Pukka CEO, Tim Westwell, said: “If we are going to address the global problem of climate change there has to be a step change in how businesses behave. We feel strongly that businesses, such as Pukka Herbs, have a responsibility and, through 1% for the Planet, an opportunity to contribute to this. As we connect people with the health-giving power of herbs we can give back and protect the environment that is the source of our business, as well as our lives. We’d love it if more companies joined us for the benefit of people, plants and planet.”

Other speakers at the event included environmentalist, writer and co-founder of Forum for the Future, Jonathon Porritt and Surfers Against Sewage CEO Hugo Tagholm.

“Environmental causes present the biggest existential threat in the whole history of human kind on this planet, the fact that only 3% of total philanthropic giving goes into environmental causes is unbelievable,” said Porritt.

“You don’t prosper as a business when the life support systems on which we all depend are collapsing. There is a very simple correlation between business success and planetary security. This role now is very important and I think it will grow and the contribution from organizations like 1% for the Planet will become more and more important,” he added.

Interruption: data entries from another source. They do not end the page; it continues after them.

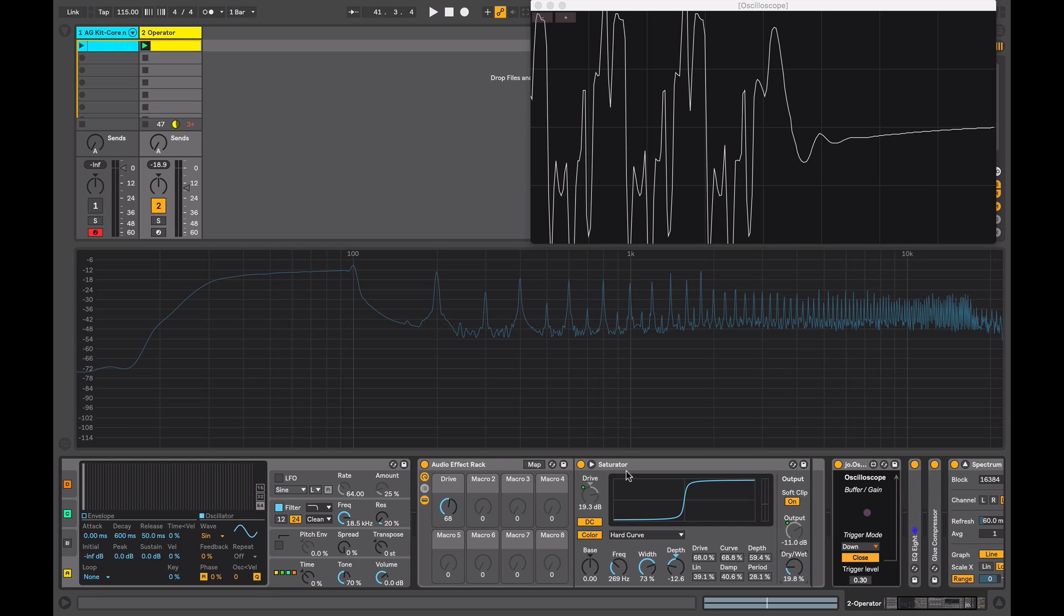So the saturator is a very powerful device when working in the digital domain in that it allows you to add certain qualities associated with analog such as harmonic distortion to your signal. Used subtly it can bring warmth and glue things together. Used in extremes it's a great sound design tool. Hopefully you found this interesting and it demystified some of the questions you had about Ableton's saturator device.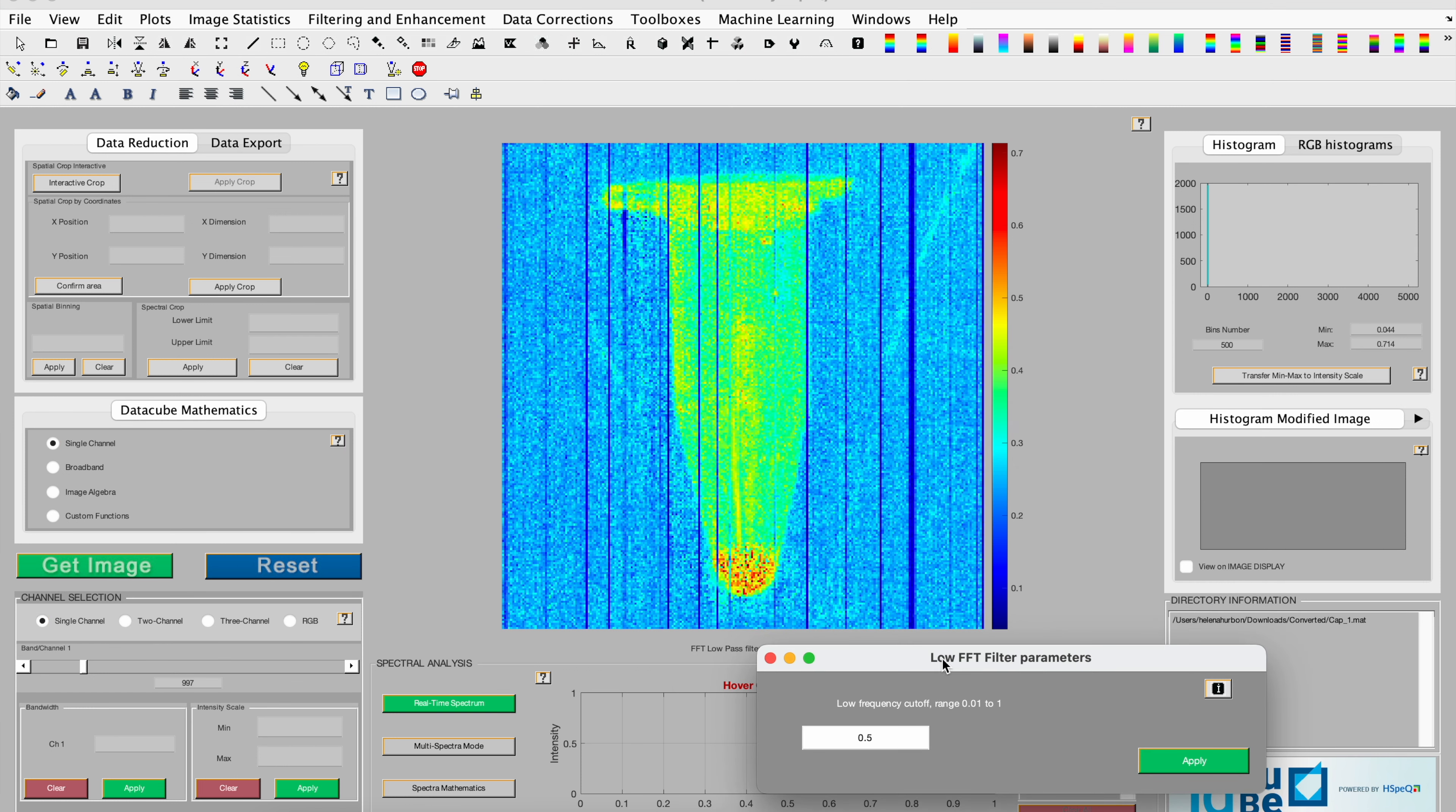The resulting image with 50% cutoff high frequencies will be shown in the image display right here.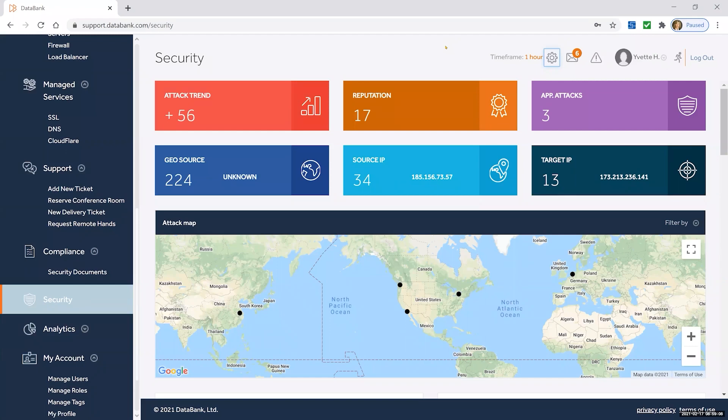Hi, this is Yvette Hamilgraves with DataBank. This is the security section of the customer portal.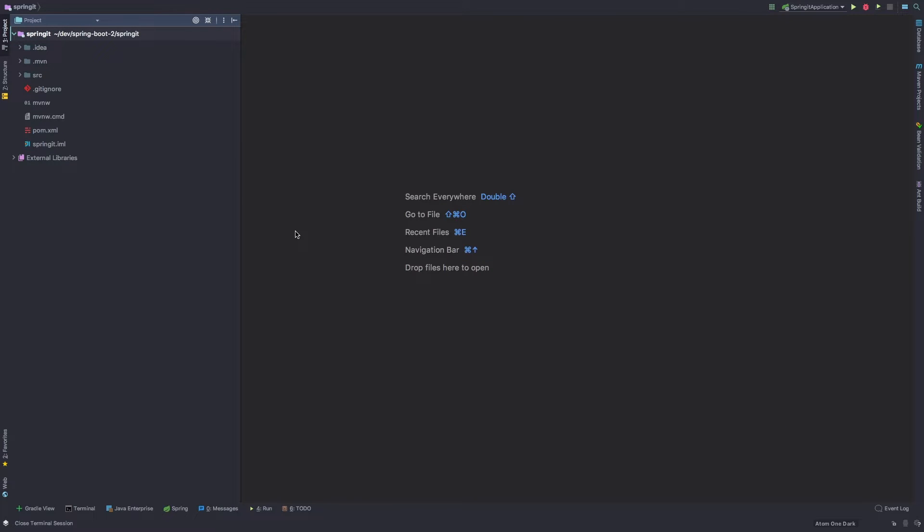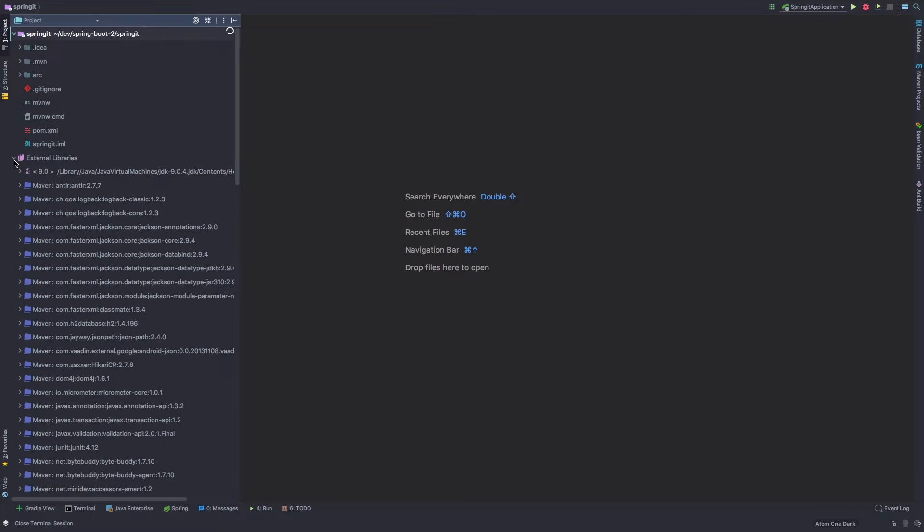So as we saw towards the end of the last lesson, it was refreshing all those dependencies. And when those dependencies were done, it basically brought in all of the libraries that we needed including Java 9.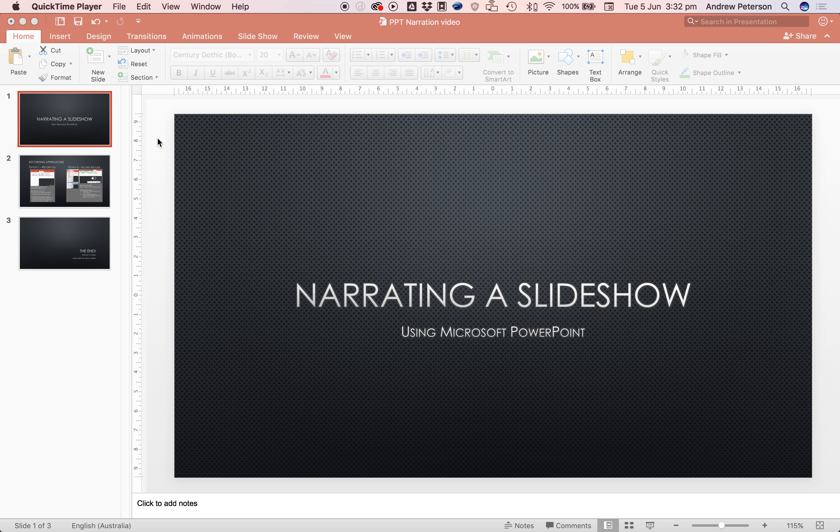In this video I'll briefly show how to record a narration over the top of a PowerPoint slideshow and export it as a video.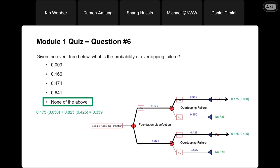Any questions on the Module 1 Quiz? From the results it looks like most people did very well with it, so I was happy to see some of the concepts are starting to make sense. If there are no questions, we'll start diving into homework number 2.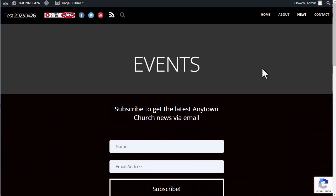And that will do it. That's how you add a subscribe form, a MailChimp subscribe form, to your WPEZ website. Thanks for watching.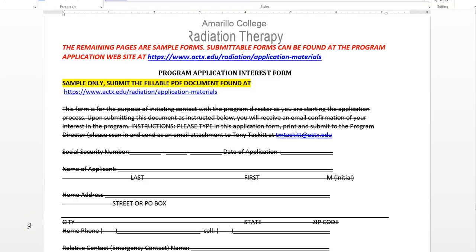I'm moving on past the educational expense list, the cost, and the financial assistance and stuff, moving on to some of the sample forms. These are forms that you see in our program application area that you can download.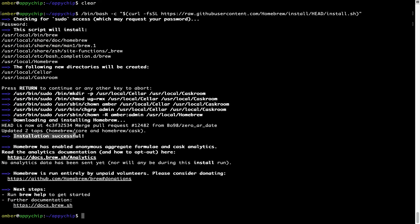As this message here says, installation successful. So that's it. Brew is successfully installed on your Mac now.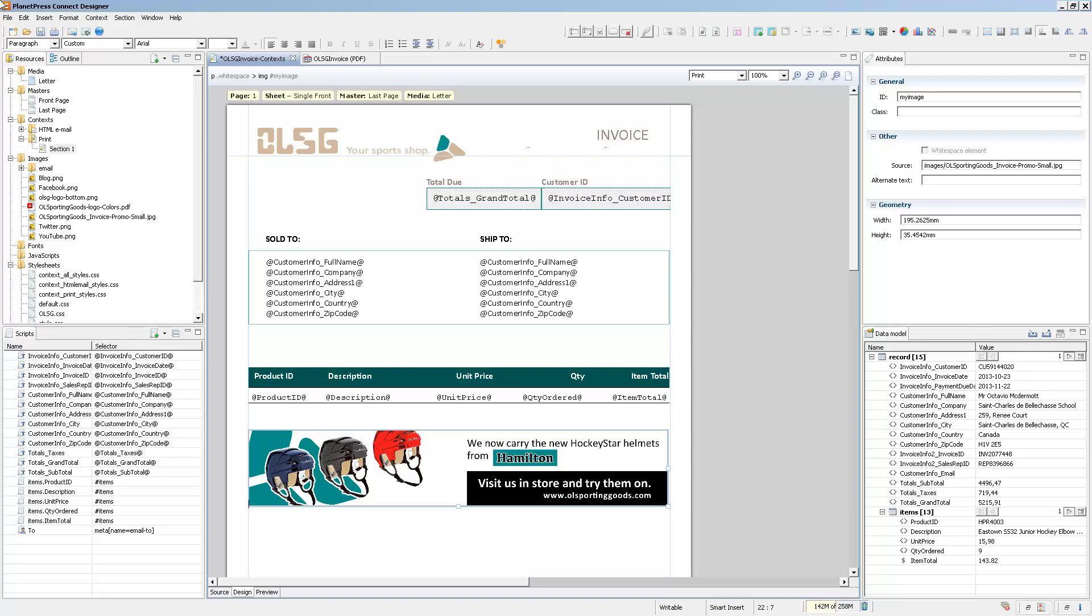The Designer module interface may seem daunting at first look, but you'll see that it's actually pretty straightforward. Let's first take a look at the different panes that appear inside of the Designer module so that we can familiarize ourselves with the different functionalities.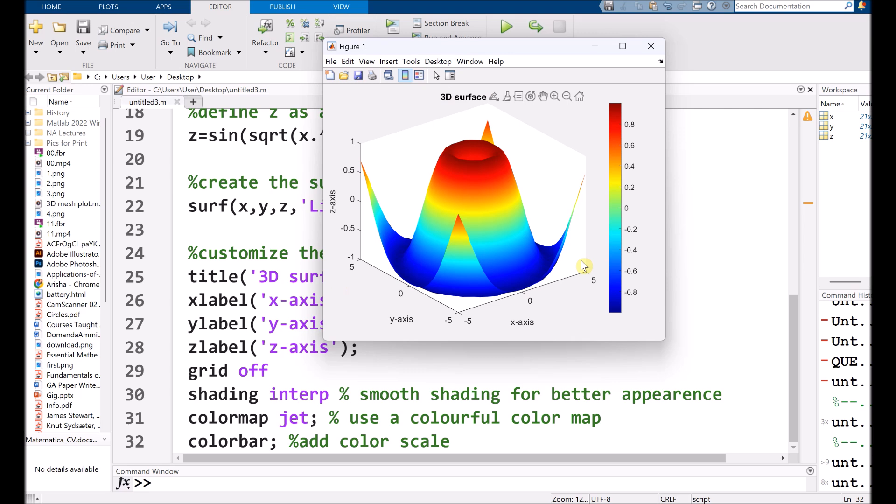In this video, you will understand how surface plot visualizes 3D data. Secondly, we use a grid in order to create a mesh. And for the surface plot, we used surf, that is our built-in command. And then we customized our plot for better presentation and clarity.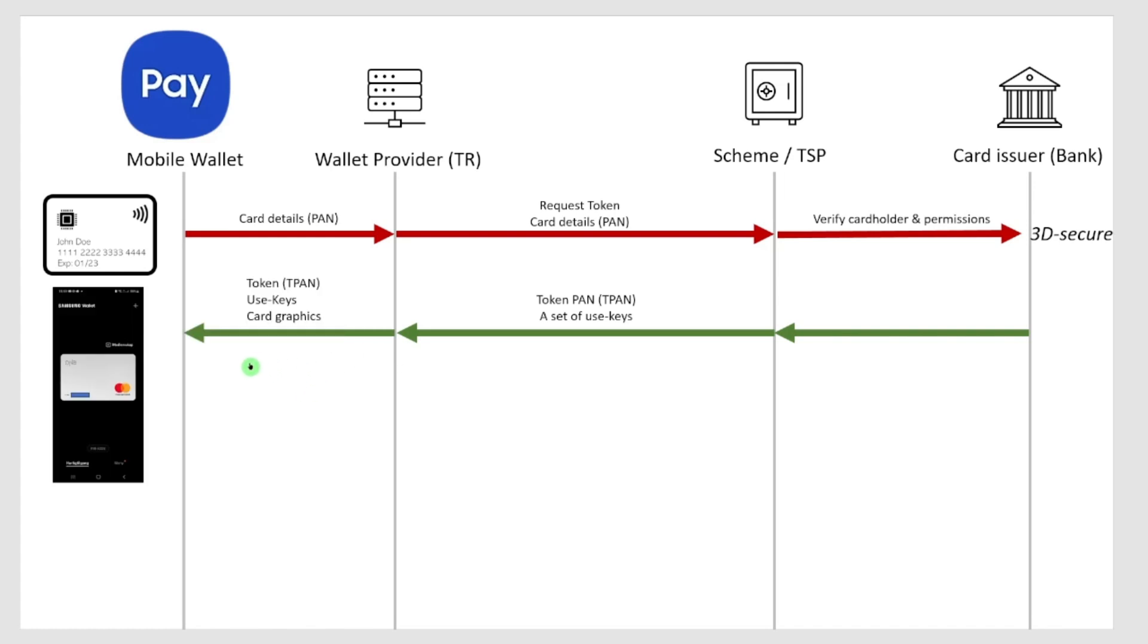That is my T-PAN. That's not my credit card number in detail, it's some use keys for encryption and also some card graphics from my card issuer. That's why it appears that my card has now been stored in my wallet, but it's actually not. It's just an image saying this is your card and a token that represents that card.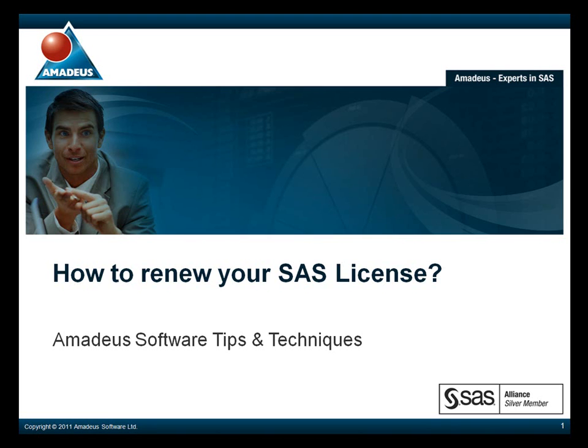Welcome to this podcast on how to renew your SAS license, presented by Amadeus Software.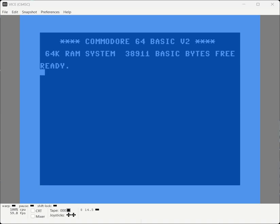We're going to continue our journey with the Commodore Macro Assembler Developer System by enhancing our Hello World program to clear the screen and write some text to the empty screen, in addition to the functionality it already has, which is setting some colors.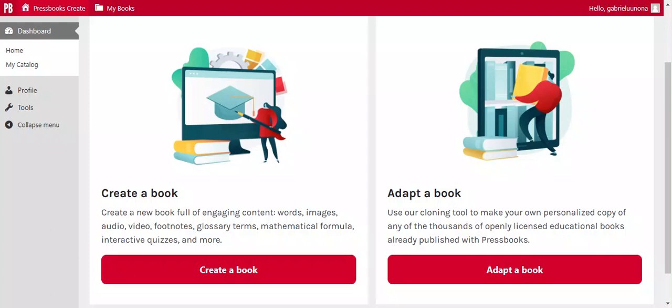Hello mates. Welcome to this demonstration. My name is Gabriel Unona. I'm a student for the Masters of Leadership in Open Education. Here I would like to briefly take you through on how to make use of this open tool which is Pressbooks.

The event also highlighted the impact that the FTSE 100 – the combined turnover of which is over £1 trillion – could make on positive climate action. A 1% contribution (£10 billion) towards protecting the environment through the 1% For the Planet network would enable: the acquisition of 100,000,000 acres; the offsetting of 1.5 billion metric tons of carbon; the planting 15 billion trees in developed countries or 150 billion trees in developing countries; and the restoration of over 28 trillion litres of water in stream and river projects that would directly restore economic and ecological vitality of fresh water ecosystems.

Surfers Against Sewage is one of the environmental charities that has benefitted from 1% for the Planet. The charity’s CEO Hugo Tagholm commented: “You all might have been to the supermarket recently and had to take your own bags along, which was a great victory. My team worked very hard with a number of other charities to bring about that new legislation … that victory means that there is now an 80% reduction in the number of plastic bags given out in supermarkets.

“1% for the Planet is vital to help us do what we do best, for us to innovate, resource some of our best campaigns and we can’t do it without these types of funds.”

The organization was created by Yvon Chouinard (founder of Patagonia) and Craig Mathews (former owner of Blue Ribbon) in 2002, since which time members have donated over $145 million.

Photo: from left to right: Hugo Tagholm, Tim Westwell, Kate Williams, Jonathon Porritt and Sebastian Pole.